A primary school in Birmingham is offering religious education said to be based on Islam, a move described as "divisive" by RE professionals.
The 500 Muslim pupils at Birchfield School in Aston, North Birmingham, can attend lessons taught either by their class teacher or by an Islamic scholar on the staff.
Earlier this year, the parents of 1,500 Muslim pupils in Batley, West Yorkshire, withdrew their children from the official RE programme because they said it was not sufficiently Islamic.
Muslim parents in both towns believe that official RE programmes encourage an overly academic view and are inappropriate for primary pupils.
They have caused alarm among RE professionals, however, who believe the subject will disappear if it is seen as a means of inculcating faith. "If too many people opt out of the official syllabuses, RE will be lost to schools altogether," said Stephen Orchard, of the Professional Council for Religious Education.
"Religious education should not be about making pupils members of faith groups. That is divisive. The point is to help children understand people from other religions as well as their own."
But Mohamed Mukadam, a parent governor at Birchfield, where 70 per cent of the pupils are Muslim, said: "We found the children getting confused because they were being told one thing at home and another at school.
"What we have done here makes sense and accomplishes what the Government wanted in improving moral and spiritual development. Whatever your faith, you have a right to get it across to your child."
"If you want your child to know about other faiths, that can happen in secondary school."
The new religious education course at Birchfield is being taught by an Islamic scholar and teacher training graduate from the City's West Hill College, which runs a specialist Muslim course. It has the approval of both the education authority and the local Standing Advisory Council for Religious Education.
The point of difference, according to Mr Mukadam, a college lecturer, is that the children will learn that Islam is the true faith. Nonetheless, the school says, it will meet legal requirements. Head Andrew Saunders said: "RE takes place on joint themes for all religions within the school. There is a common plan, delivering a multi-faith element."

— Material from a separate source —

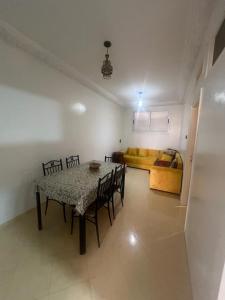 a dining room with a table and chairs and a couch at agadir location vacance aourir plage in Aourir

The children's class teachers will continue to teach RE as before, an option some Muslim parents have taken. Mr Mukadam said that, while the law is flexible in theory, in practice it often encourages "a spectator view of faith".
There is confusion about whether the Birchfield parents have formally withdrawn from official lessons. Mr Mukadam says they have done so, as is their legal right. Birmingham education authority says that they have not withdrawn, and that Birchfield must continue to follow legal requirements.